Chemi Shalev
Haaretz
February 6, 2013 - 1:00am
http://www.haaretz.com/blogs/west-of-eden/bloomberg-s-friendly-advice-to-pro-isr...


New York Mayor Michael Bloomberg has lambasted city politicians who threatened to cut off funding to Brooklyn College for sponsoring an event featuring the anti-Israeli Boycott, Divestment and Sanctions (BDS) movement, saying “If you want to go to a university where the government decides what kind of subjects are fit for discussion, I suggest you apply to a school in North Korea.”

Describing himself as a strong supporter of Israel and a “violent” critic of BDS, Bloomberg nonetheless blasted the vocal public campaign that has been waged in recent days against the Thursday night BDS forum which is slated to feature Palestinian activist – and Tel Aviv University graduate – Omar Bargouti and University of California philosophy professor Judith Butler.

“If you want to promote views that you find abhorrent, this is exactly the way to do it. What the protesters have done is given a lot of attention to the very idea they keep saying they don’t want people to talk about” he explained. “They just don’t think before they open their mouths. If they just shut up, it would have gone away.

It would be a bunch of kids on a campus. Nobody would have gone to listen to them and nobody [would have] seen it. Now they’ve created the very monster that they say they’re opposed to.”

Bloomberg’s feisty upbraiding is the latest twist in a escalating controversy that has given the BDS movement, which most Americans have never heard of, more free publicity that it ever could have dreamed of.

Although the student-organized “BDS Movement against Israel” event had raised protests among Jewish students and local Brooklyn politicians, it catapulted into the national media spotlight in the wake of a sharply worded article in the New York Daily News by noted Harvard professor and lawyer Alan Dershowitz – a graduate of Brooklyn College himself – who described the planned meeting as a “hate orgy”.

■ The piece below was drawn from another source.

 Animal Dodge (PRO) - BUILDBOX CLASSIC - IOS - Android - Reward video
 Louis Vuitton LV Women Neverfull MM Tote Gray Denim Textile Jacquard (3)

The scandal deteriorated from there, turning into a media slugfest which, depending on who you were reading or listening to, was either about free speech and academic freedom or about hate speech and academic bias. Tempers flared, barbs were exchanged and hyperbole became the weapon of choice: Brooklyn Assemblyman Alan Maisel equated the BDS forum with “the potential for a second Holocaust”.

The case against the school’s Political Science Department’s decision to co-sponsor a presentation of a group - which, in effect, calls for the dismantling of Israel - was then undermined by overkill.  After 19 “progressive” politicians – including four members of the US Congress – wrote a letter to the College against the sponsorship, things took a turn for the worse when ten New York City Council members threatened to cut funding to the College – a widely respected academic institution sometimes referred to as “the poor man’s Harvard” - if it did not reverse its sponsorship.

“We believe in the principle of academic freedom. However we also believe in the principle of not supporting schools whose programs we, and our constituents, find to be odious and wrong” the council members’ letter said.

This unveiled threat galvanized support for the College and for its right to hold and sponsor the BDS event. The New York Times, in an editorial, linked the attempts to shut down the BDS forum with the tough, Israel-centered grilling of Secretary of Defense designate Chuck Hagel by Republican senators.
“All they cared about was bullying him into a rigid position on Israel policy. Enforcing that kind of orthodoxy is not in either America’s or Israel’s interest.”

Lambasting the threats against the college as “intimidation” that “chills debate and makes a mockery of the ideals of academic freedom,” the Times, like Bloomberg, defended Brooklyn College President Karen Gould’s decision to proceed with the event despite the pressures.

“The sad truth is that there is more honest discussion about American-Israeli policy in Israel than in this country”, the editorial noted.